Sarana lain yang digunakan untuk mengubah lingkungan teknologi suatu negara
adalah alih teknologi, yaitu pemindahan teknologi dari suatu negara ke negara
lain. Beberapa negara telah mengembangkan alih teknologi dengan mendorong
penanaman modal asing. Negara-negara lain telah mengembangkan basis
teknologinya dengan meminta perusahaan-perusahaan yang sangat ingin memasuki
sumber daya atau konsumen suatu negara untuuk mengalihkan teknologinya sebagai
syarat untuk menjalankan usaha di negara tersebut. Contohnya, Arab Saudi
mengamanatkan perusahaan-perusahaan minyak yang ingin mendapatkan minyak
mentahnya merekrut dan melatih insinyur-insinyur perminyakan Saudi, yang
kemudian mereka akan mempelajari metode-metode eksplorasi dan penyedotan
tercanggih di tempat mereka bekerja.
Faktor penentu penting lingkungan teknologi suatu negara dan kemauan
perusahaan-perusahaan asing mengalihkan teknologi kepada negara tersebut adalah
perlindungan yang ditawarkan undang-undangnya bagi hak kekayaan intelektual.
Kekayaan intelektual, misalnya paten, hak cipta, merek dagang, nama merek, dan
lain-lain merupakan suatu asset penting bagi sebagian besar perusahaan
multinasional. Hal itu sering menjadi keunggulan bersaing/kompetensi inti suatu
perusahaan dalam pasar global. Negara yang memberikan perlindungan lemah
terhadap kekayaan intelektualnya akan mempunyai kemungkinan yang lebih kecil
menarik investasi asing yang padat teknologi. Perlindungan yang lemah bagi
kekayaan intelektualnya akan menyebabkan biaya tinggi bagi bisnis
internasional. Misalnya penggandaan kaset CD dan Video secara ilegal film-film
yang baru dua hari diluncurkan di bioskop-bioskop, sudah dijual di
pinggir-pinggir jalan di Malaysia, Indonesia dan Hong Kong.

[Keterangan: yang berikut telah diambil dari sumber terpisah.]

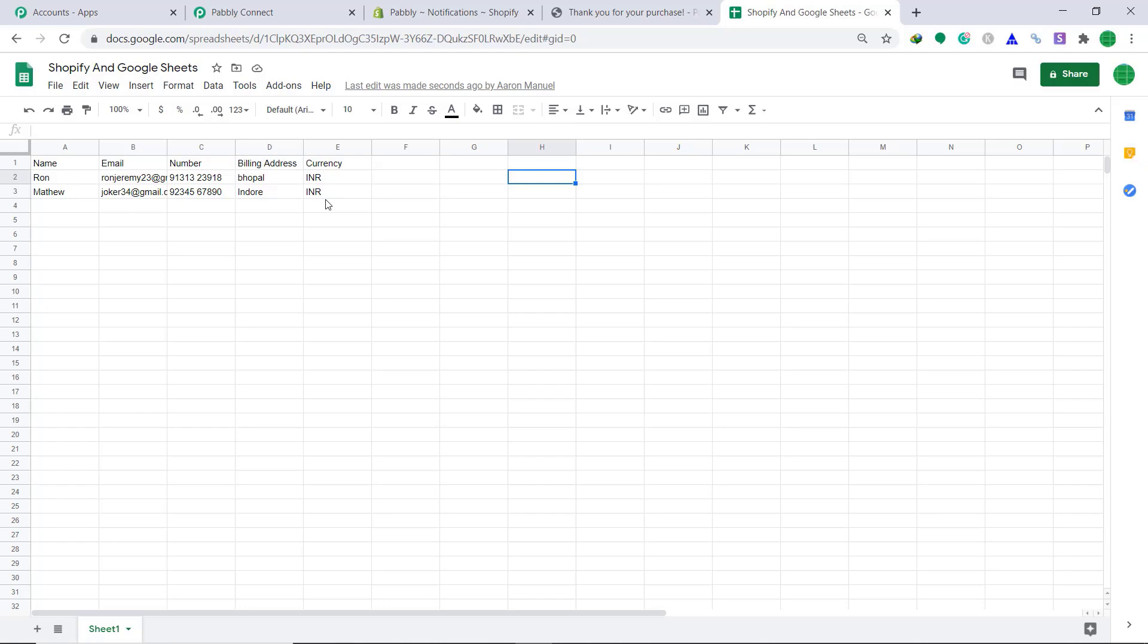So with Pably connect, you can integrate many more apps. Thanks.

Konfllik internasional sering berkembang karena undang-undang kekayaan
intelektual tidak konsisten. Contohnya, Amerika Serikat mengikuti kebijakan
paten ”yang pertama menemukan”, sebagaimana hal itu juga diikuti oleh Kanada
dan Filipina. Sistem ini memusatkan perhatian untuk melindungi hak-hak penemu
yang ”sejati”. Tetapi sistem ini juga menimbulkan banyak perkara di pengadilan
karena para pemohon paten yang sasling bersaing dan berupaya membuktikan bahwa
mereka adalahh yang pertama menemukan produk tersebut. Sistem ”yang pertama
mendaftarkan” yang dianut negara-negara lain menghindari proses pengadilan ini
dengan memberikan hak tanpa mendua kepada pemohon paten yang pertama. Namun,
hal itu juga memberi keuntungan pada kecepatan dalam pengajuan permohonan dan
lebih berpihak pada perusahaan besar yang memiliki modal lebih banyak dibanding
perusahaan lainnya yang lebih kecil.
Perbedaan praktik-praktik paten juga dapat menimbulkan konflik. Contohnya,
perusahaan-perusahaan Jepang yang cenderung mendaftarkan banyak paten, yang
mungkin masing-masing mencerminkan modifikasi kecil atas paten yang sudah ada.
Sebaliknya, undang-undang paten Amerika Serikat mensyaratkan agar
penemuan-penemuan yang dapat dipatenkan adalah harus baru, berguuna dan jelas.
Inilah yang sering menimbulkan sengketa dagang antara Amerika Serikat dan
Jepang atas penggunaan apa yang sering disebut membanjirnya paten
perusahaan-perusahaan Jepang. Dengan adanya banjir paten, maka suatu perusahaan
akan mengajukan permohonan paten untuk perbaikan teknik tipis dan kecil
terhadap paten-paten pesaing yang sudah ada. Akibatnya pesaing-pesaing sulit
mengembangkan teknologinya sendiri tanpa harus melanggar kekayaan intelektual
pihak-pihak yang mengakibatkan banjir paten tersebut.
Pendaftaran merek-merek dagang dan nama merek juga dapat menimbulkan
perrsoalan bagi bisnis-bisnis internasional. Kebanyakan negara mengikuti
pendekatan ”yang pertama mendaftarkan” yang sering memberi kemungkinan
disalahgunakan oleh pihak asing. Suatu perusahaan mungkin mempopulerkan merek dagang
atau nama dagang dalam pasar negara asalnya, tetapi mereka menemukan bahwa saat
mereka mencoba mengekspor produknya ke negara lain, pengusaha lain telah
mengajukan hak kekayaan intelektualnya di negara yang dituju itu.